Wendy Rhoades (Maggie Siff) coaches hedge fund manager Bobby Axelrod (Damian Lewis) in the show “Billions.”
3. Your personal and professional life aren’t as separate as you think.
Shull asks her clients about their personal lives in their first session. She’s found that every recurring mistake tied to an insecurity has roots in a person’s biography outside of their professional lives. “Someone’s actual background matters more than anything,” she said.
This is due to what she calls fractal emotions, where patterns develop throughout someone’s life in different manifestations, the same way a fractal is a whole composed of pieces that have the same characteristics as the whole.
Examples: She had a client who had a crisis of confidence in his abilities that mirrored the one he had when he realised he had to give up his sporting career at some point in college; a client who was over-trading would seek out experiences that gave him a feeling of power, the same reason he played rugby; another client who had developed a fight or flight reaction to unexpected movements in the market displayed this in other aspects of his life, built on a childhood where his missionary parents uprooted the family repeatedly.
4. And ignoring your emotions won’t get you anywhere.
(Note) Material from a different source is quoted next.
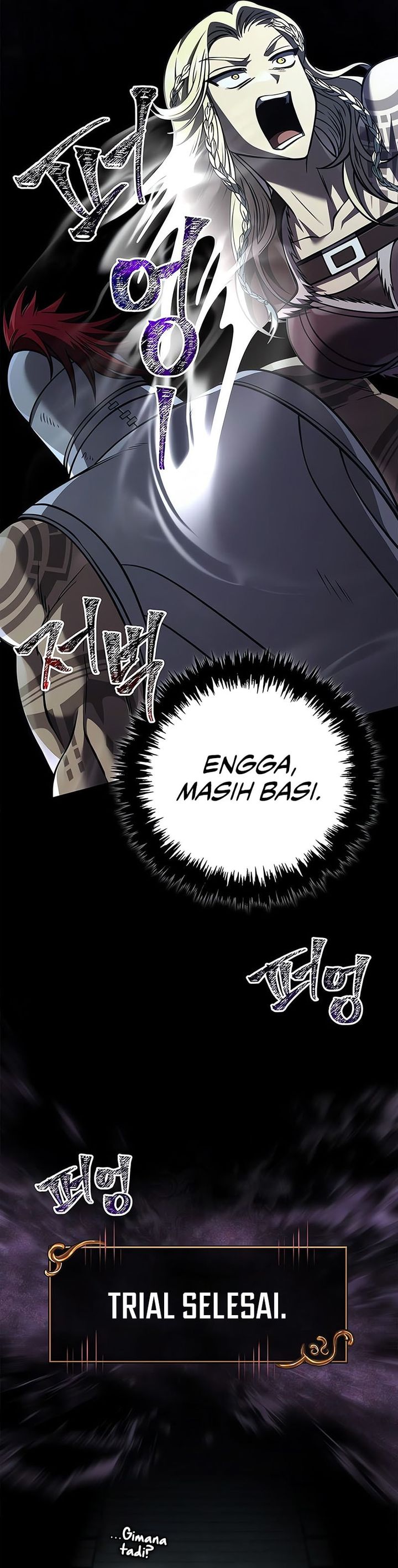 Survive as a Barbarian in the Game Chapter 119 Gambar 33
Once these feelings are identified, Shull has her clients dive as deeply as possible into them, since she’s found that ignoring or trying to negate these feelings are what cause her clients to continue repeating mistakes.
“These emotions always exist in an iceberg, so you have the stuff you know you feel on the top, about the here and now,” she said. “If you’ve just had a disaster, we’re just going to have the feelings about the disaster. We’re going to be upset and I’m going to help you be upset, which means you’re going to be mad at yourself, you’re going to be mad at the markets, you’re going to be mad with your risk manager, you’re going to feel stupid. I’m going to help you feel all those sh—y things, frankly, that you don’t want to feel. Why? Because you basically have to go through a grieving process.”
The idea is to get her clients feeling these debilitating emotions in the room with her so that they confront them when they’re at their office. When clients can stop hiding from the emotions tied to their weaknesses, they can embrace them and pull the power from them.
5. In fact, choosing the emotions you want will make all the difference.
Then it’s time to replace bad behaviour.
“Everyone else tries to fight behaviour with thoughts,” Shull said, referring to traditional ways of working through a down period. “What works better is to create behaviour through expected feelings.”
She has her clients decide how they want to feel in a given week. She said that actions follow, and stick when the negative emotions clients worked through have been stripped of their control.
“If you consciously exchange future feelings for each other, your chances of doing what you want to do, and having discipline, go wildly up,” she said.
“If you work on the level of feelings, the thoughts take care of themselves.”